January 13, 2012 / 10:38 PM / in 6 years

Loonie falls on Europe downgrades, but ends up on week

TORONTO (Reuters) - The Canadian dollar fell against its U.S. counterpart on Friday as rating downgrades on several euro zone countries, including France and Italy, prompted worried investors to seek safety elsewhere.

The Canadian currency slid, but far less than the euro, which tumbled more than a cent on the downgrade talk leading up to S&P’s official announcement after the bell.

The large selloff in euro positions led to some profit-taking later in the day, which helped markets rally into the afternoon. For the week, euro shorts rose to a record 155,195 contracts as currency speculators increased their bets in favor of the U.S. dollar, according to data from the Commodity Futures Trading Commission released on Friday.

“We’ve seen some interest at the euro crosses, which has probably helped add to the bid tone in the euro so that’s caused some of the equities markets to recover as well,” said David Bradley, a director of foreign exchange trading at Scotia Capital.

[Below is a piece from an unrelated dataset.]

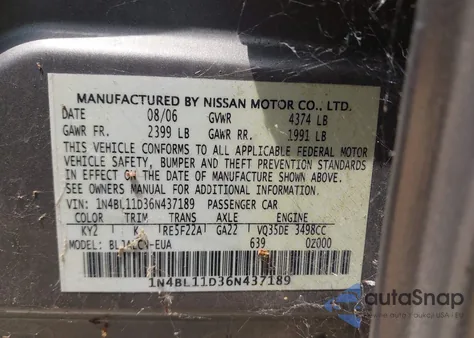 2006 Nissan Altima 3.5 Se из США, поврежденный, VIN 1N4BL11D36N437189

The Canadian dollar ended the North American session at C$1.0227 to the U.S. dollar, or 97.78 U.S. cents, down from Thursday’s finish at C$1.0183 to the U.S. dollar, or 98.20 U.S. cents.

It gained back nearly 1 cent after hitting a session low at C$1.0320, or 96.80 U.S. cents. For the week the currency rose 0.4 percent, from C$1.0165 to the U.S. dollar, or 98.35 U.S. cents.

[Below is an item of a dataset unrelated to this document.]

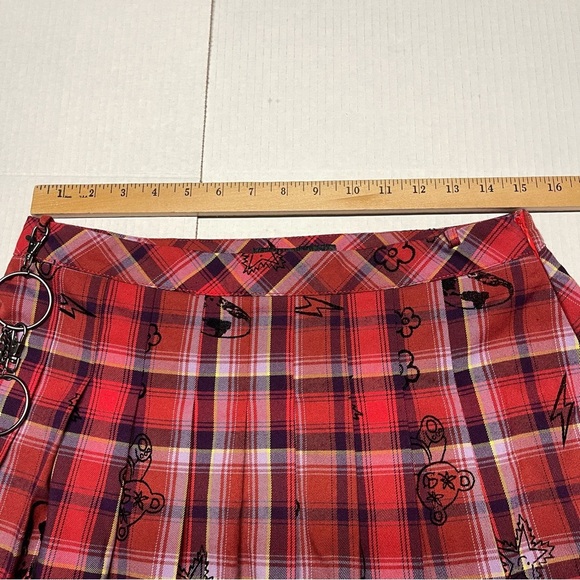 Urban Outfitters Red Plaid Skater Skirt - Picture 7 of 11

Losses were cushioned by more signs of North American economic strength as data on Friday showed U.S. consumer sentiment in January rose to its highest level in eight months while the U.S. trade deficit in November was the biggest in five months.

Additionally, Canada posted an unexpected trade surplus in November as a strengthening U.S. economy helped push exports to a three-year high.

“It’s encouraging for the Canadian economy, but you have to ask how strong will that U.S. growth be if Europe continues to have the problems that the downgrade will reflect,” said Gavin Graham, president at Graham Investment Strategy.

Over the last several months the Canadian dollar has traded in an increasingly smaller window as flows have thinned as nervous investors sit on their hands.

The U.S. dollar is expected to continue to find support around the C$1.0150 level against the Canadian currency and meet resistance at around the C$1.0350 level, said Bradley.

“I would expect the Canadian dollar to continue to outperform the rest of the G7 or G10 currencies,” Bradley added.

Canadian bond prices rose, tracking U.S. Treasuries higher as jittery investors poured money into less risky assets.

High demand for U.S. benchmark 10-year notes reduced yields to 1.87 percent, its lowest level this year.<US/>

Canada’s 10-year counterpart underperformed slightly in the flight to safety, climbing 50 Canadian cents to yield 1.926 percent.